What People Like

It must be like showing up at a party wearing a flashy shirt that somebody else is also wearing.  Embarrassing, no?  A few years back I read Brian Jay Jones’ biography of Washington Irving.  As you may know, I recently finished Andrew Burstein’s.  The two were published within a year of each other, but both after a seven-decade gap in such biographies.  I suspect the renewed interest in Irving sprang up in the surge of public interest after Tim Burton’s Sleepy Hollow appeared.  Movies have power.  Books, especially big books, take a long time to write.  I don’t know if Jones and Burstein were aware of each other’s efforts or not.  Both are quite good, but they do stand as a testament to how fame can be fleeting.  Irving is infrequently taken as a genius writer today but he started more than one big thing.

What I’m particularly interested in is how Burton’s film seems to have kickstarted a new millennium interest in this old story.  I recently had a discussion with a couple of folks who felt that movies were too manipulative to be enjoyable.  Of course, nobody forces you to watch a movie, but I have found that they are powerful ways of influencing people.  And society.  Movies have been one of the more impactful forms of fiction media, spawning ideas that can change society.  Indeed, they may be modern mythology.  I wouldn’t yet make that exalted claim for Sleepy Hollow, but for those who follow such things, it has influenced the way we look at things.  And we can learn something from paying attention to them.

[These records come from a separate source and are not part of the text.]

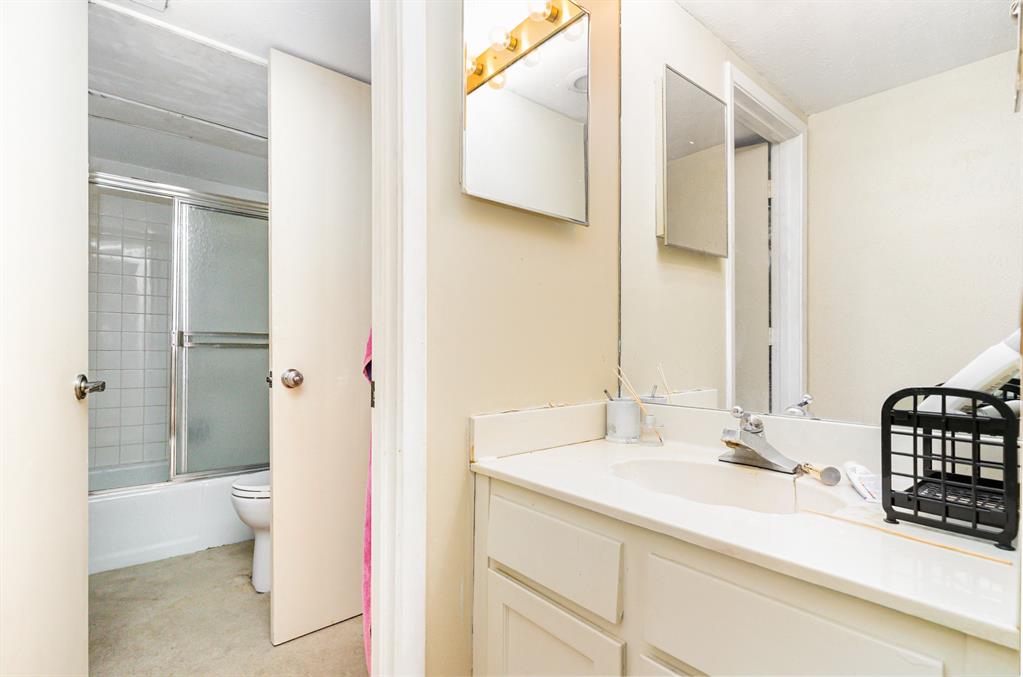 Woodridge Condos - Residential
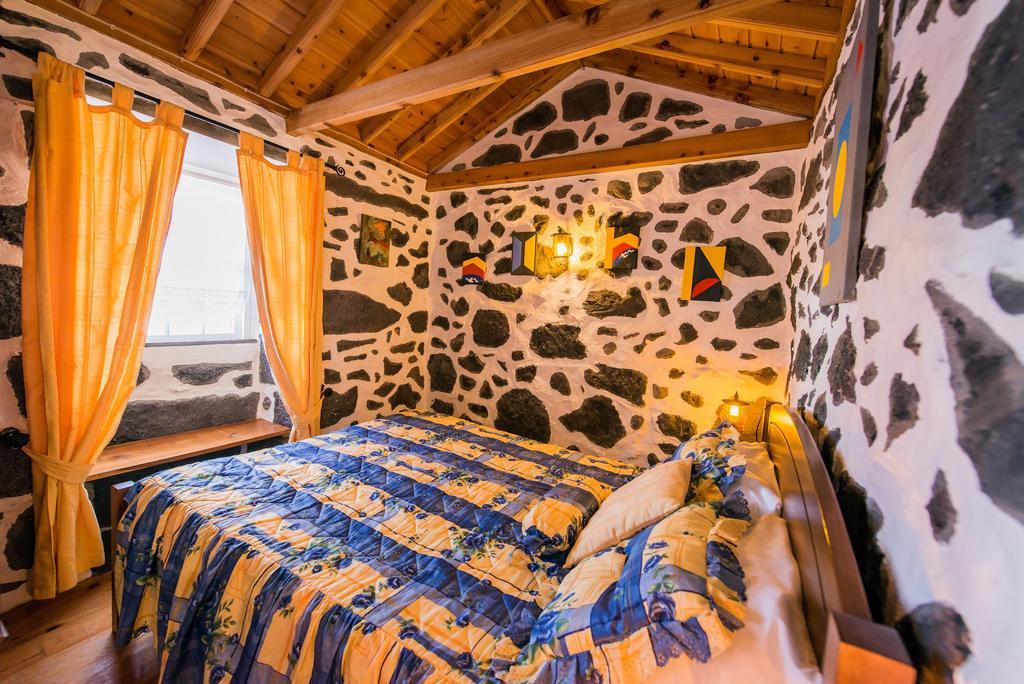 Adega Velha Villa Calheta de Nesquim Bagian luar foto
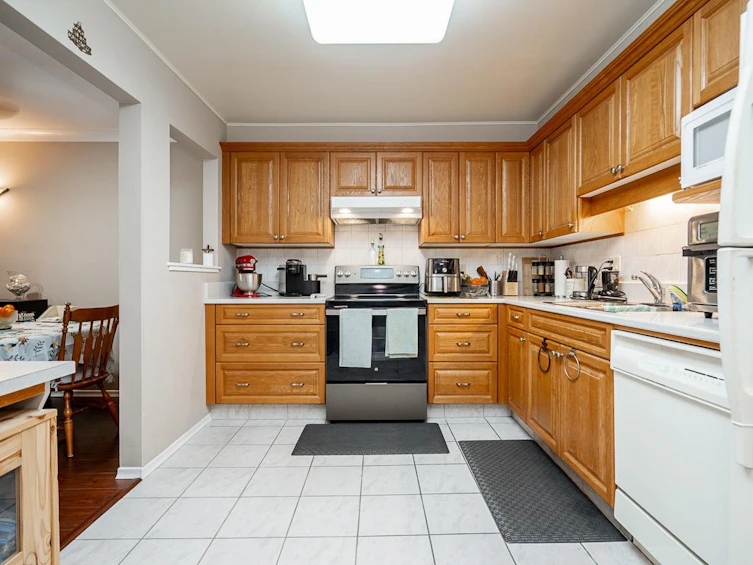 303-15338 18 Avenue, Surrey, BC, V4A 1W8 - 9
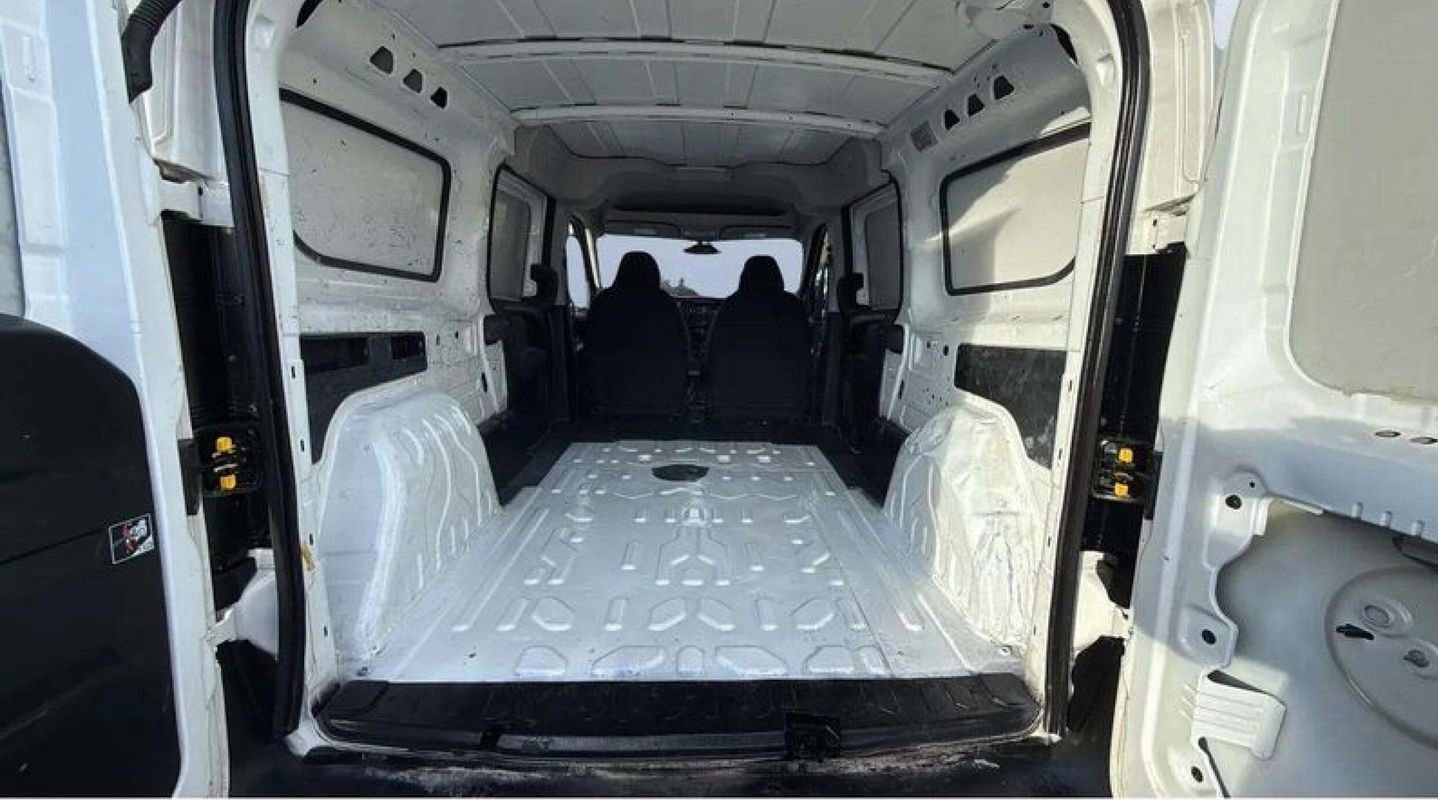 Used 2019 RAM ProMaster City Tradesman image 17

The Headless Horseman Pursuing Ichabod Crane by John Quidor

I suspect that is one of the perennial mistakes of higher education.  Assuming that something is popular means that it shouldn’t be worthy of scholarly attention.  If we want to understand what it means to be human, rather than just raping and plundering our planet until we choke it to death, we need to consider what it is that appeals to people.  What are the Classics if not the popular literature of antiquity, dating back to the time before most people could read?  What do we lose by trying to understand what motivates others?  There are those who spend their money on such things, after all.  Consider game developers.  They rake in the money because that’s what people like to do.  We don’t mind being manipulated, as long as we do so voluntarily.  We’ve wandered away from Irving at this party, but it does seem that Burton’s movie kickstarted our interest in America’s early wit again.  We ignore what interests hoi polloi at our peril.

Washington Irving

WashingtonIrvingLess known now than he was in his own lifetime, Washington Irving is an odd literary character. Many writers, at least of tomes we now have our children read in school, were not necessarily stars in their time. Some were obscure, their genius only becoming clear when they were safely dead. Washington Irving, however, rocketed to fame fairly early in his life and became what Brian Jay Jones refers to as an icon. He was one of the most famous men in America in his lifetime. Although he was never properly a novelist, he pretty much earned his career by writing. Today he is best remembered for “The Legend of Sleepy Hollow” and “Rip Van Winkle,” two tales from his Sketchbook. Those of us who work in Gotham may not realize that Irving gave New York City its famous nickname. He also coined the sobriquet “knickerbocker” that still describes New Yorkers and their basketball franchise.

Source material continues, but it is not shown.